The University of Florida Levin College of Law Center on Children and Families addresses the instability many children face due to a wide range of challenges. They include poverty, violence, and the criminalization of youth of color. They also include inadequate health care, substandard educational opportunity, and the general failure of systems designed to support, protect, and treat children who are classified as dependent, delinquent, or otherwise in need. The Center’s model rests on five premises that Professor Barbara Woodhouse and colleagues identified in their scholarship as essential for addressing crises rather than mitigating symptoms: curriculum, scholarship, conferences, advocacy, and clinics. Over the years, the Center has held numerous conferences to advance groundbreaking, practical research on family law and children’s rights and has held youth summits in connection with those conferences to engage with youth on relevant legal issues. These efforts remain at the conceptual heart/core of the Center’s work.

SHANI M. KING is Professor of Law and Director of the Center on Children and Families at the University of Florida Levin College of Law. A former children’s rights lawyer, he has published in such journals as the Harvard Journal on Legislation, Harvard Human Rights Journal, North Carolina Law Review, and the Michigan Journal of International Law. He is coeditor of and a contributing author to The Oxford Handbook of Children’s Rights Law (forthcoming 2019).

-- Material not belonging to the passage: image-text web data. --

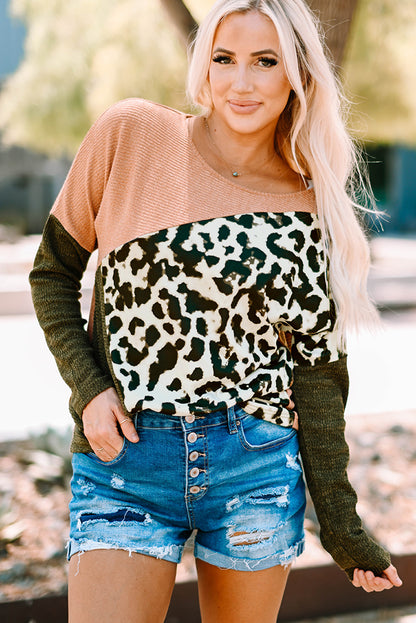 Leopard Colour Block Long Sleeve Knit Top | Multicolour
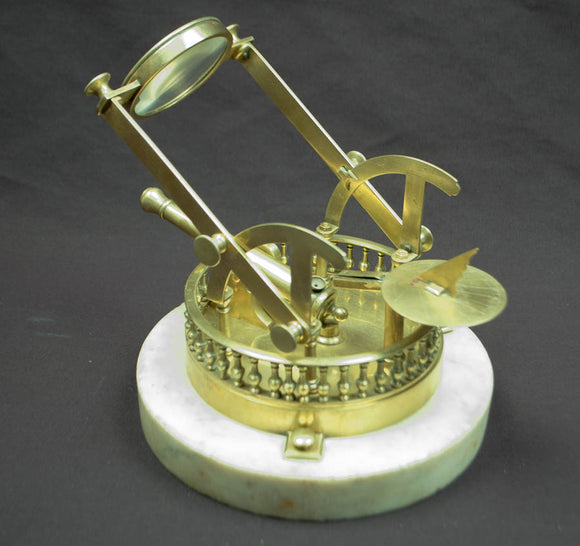 19th C. French Noon Gun Sundial on marble base marked Laird, Paris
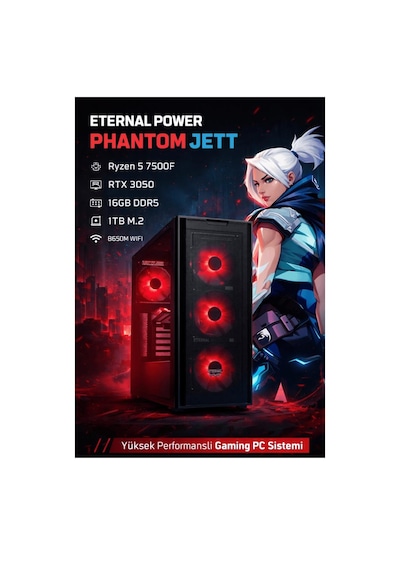 Eternal Power Phantom Jett R5-7500F 16 GB 1 TB M.2 SSD RTX3050 Free Dos Masaüstü Oyuncu Bilgisayarı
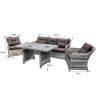 Aiamööbli komplekt Bello Giardino DIVINO hall, 2 tugitooli + diivan + laud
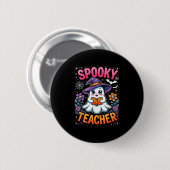 Spooky Teacher Niedlich Ghost Reading Buch Funny H Button (Vorne & Hinten)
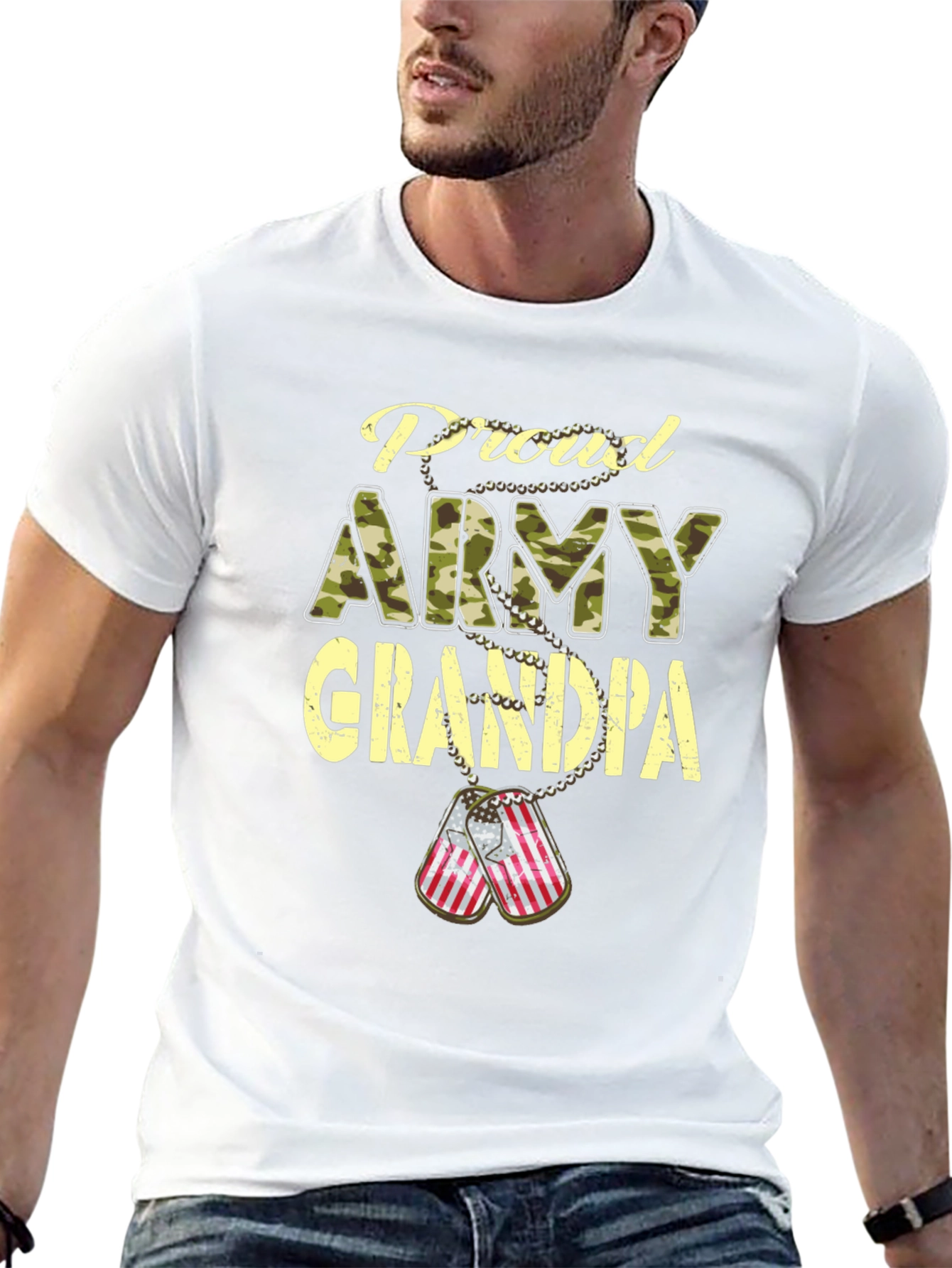 Proud Army Grandpa T-Shirt Patriotic Military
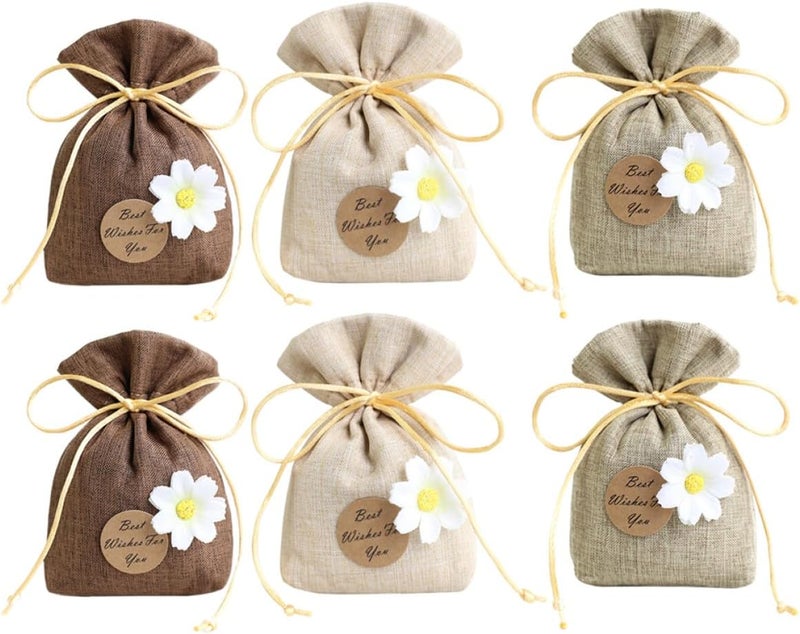 Wardrobe Sachet Bag 6pcs Set Lavender Empty Cotton Linen Fragrance Bags for Home Car Closet Freshener Storage - Image 1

The Center on Children and Families at the University of Florida Levin College of Law, like other university-based interdisciplinary centers for children in the United States, is designed to address the instability many children face due to a variety of challenges. They include poverty,1  violence,2  and the criminalization of youth of color. They also include inadequate health care,3  lack of educational opportunity,4  and the general failure of systems designed to support, protect, and treat children who are classified as delinquent, dependent, or otherwise in need.5

Too often, children receive no help until they are in crisis, until they figuratively – and, at times, literally – have been admitted to the emergency room. Social service agencies, heath care systems, the juvenile justice system, and even school districts are geared toward repairing damage rather than preventing it in the first place.6

Before the movement toward interdisciplinary services for children and families, law school clinics were also in the damage-repair business. They largely functioned as law offices that represented children and families in courts and other tribunals functioning in their own silos, removed from social workers, doctors, and other professionals who could help address clients’ problems.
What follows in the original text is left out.